Just want to clarify, this is not my Substack, I’m just sharing this because I found it insightful.
The author describes himself as a “fractional CTO”(no clue what that means, don’t ask me) and advisor. His clients asked him how they could leverage AI. He decided to experience it for himself. From the author(emphasis mine):
I forced myself to use Claude Code exclusively to build a product. Three months. Not a single line of code written by me. I wanted to experience what my clients were considering—100% AI adoption. I needed to know firsthand why that 95% failure rate exists.

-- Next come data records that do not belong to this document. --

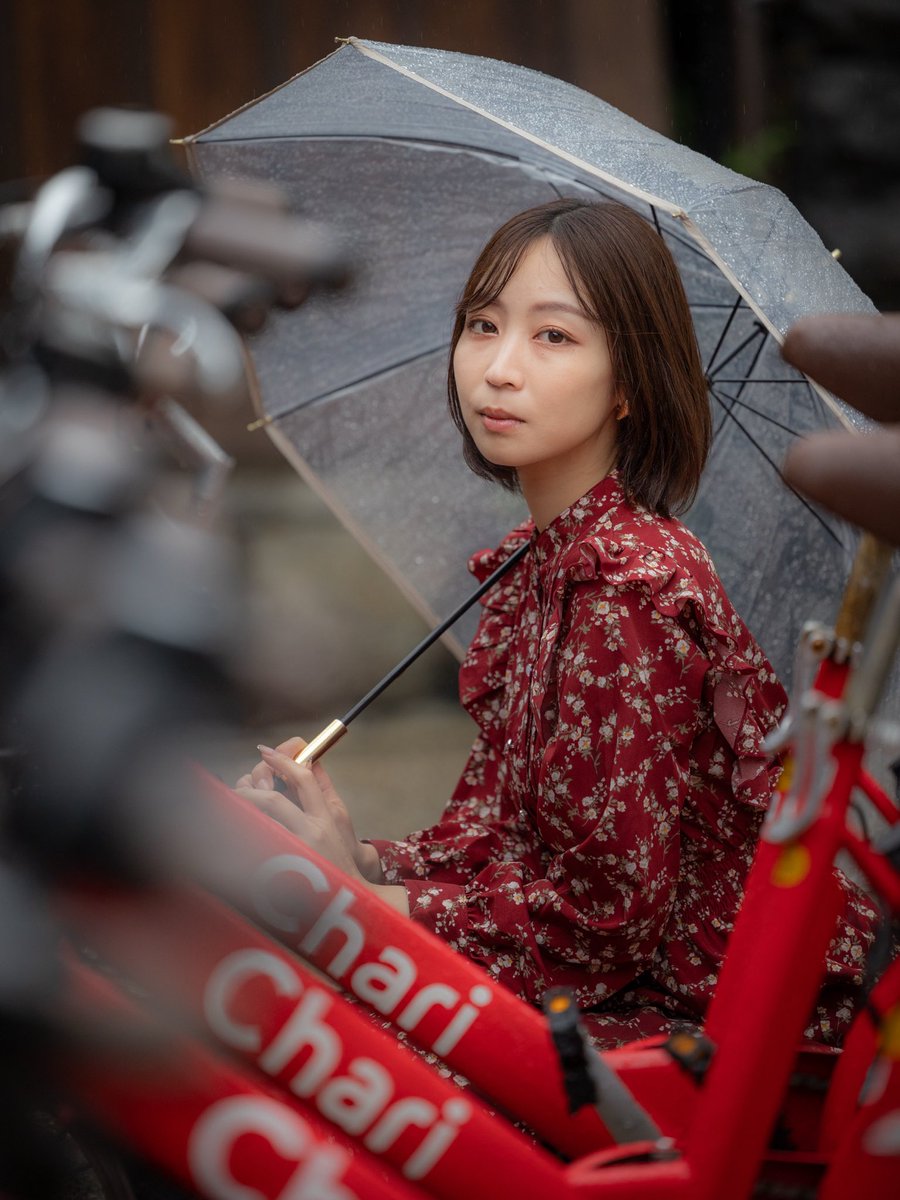 chari chari とコラボ

NOA撮影会
<a href="/390photo/">NOA撮影会</a> 
model  七海りな　さん
<a href="/daizumomo123/">七海りな　10/26、11/12</a> 

#ポートレート
#NOA撮影会
#七海りな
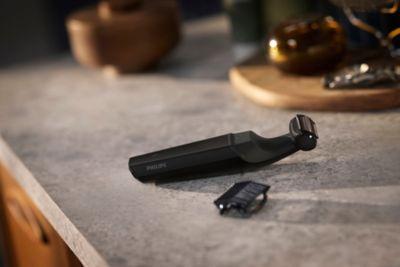 Image du produit Philips Bodygroom Series 3000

I got the product launched. It worked. I was proud of what I’d created. Then came the moment that validated every concern in that MIT study: I needed to make a small change and realized I wasn’t confident I could do it. My own product, built under my direction, and I’d lost confidence in my ability to modify it.
Now when clients ask me about AI adoption, I can tell them exactly what 100% looks like: it looks like failure. Not immediate failure—that’s the trap. Initial metrics look great. You ship faster. You feel productive. Then three months later, you realize nobody actually understands what you’ve built.



I find Claude Sonnet 4.5 to be good up to 800 lines at a chunk. If you structure your project into 800ish line chunks with well defined interfaces you can get 8 to 10 chunks working cooperatively pretty easily. Beyond about 2000 lines in a chunk, if it’s not well defined, yeah - the hallucinations start to become seriously problematic.
The new Opus 4.5 may have a higher complexity limit, I haven’t really worked with it enough to characterize… I do find Opus 4.5 to get much slower than Sonnet 4.5 was for similar problems.
Okay, but if it’s writing 800 lines at once, it’s making design choices. Which is all well and good for a one off, but it will make those choices, make them a different way each time, and it will name everything in a very generic or very eccentric way
The AI can’t remember how it did it, or how it does things. You can do a lot… Even stuff that hasn’t entered commercial products like vectorized data stores to catalog and remind the LLM of key details when appropriate
2000 lines is nothing. My main project is well over a million lines, and the original author and I have to meet up to discuss how things flow through the system before changing it to meet the latest needs
But we can and do it to meet the needs of the customer, with high stakes, because we wrote it. These days we use AI to do grunt work, we have junior devs who do smaller tweaks.
If an AI is writing code a thousand lines at a time, no one knows how it works. The AI sure as hell doesn’t. If it’s 200 lines at a time, maybe we don’t know details, but the decisions and the flow were decided by a person who understands the full picture
That’s a bit of the power of the process: variety. If the implementation isn’t ideal, it can produce another one. In theory, it can produce ten different designs for any given solution then select the “best” one by whatever criteria you choose. If you’ve got the patience to spell it all out.
Neither can the vast majority of people after several years go by. That’s what the documentation is for.
Yep. It’s also a huge chunk of example to work from and build on. If your designs are highly granular (in a good way), most modules could fit under 2000 lines.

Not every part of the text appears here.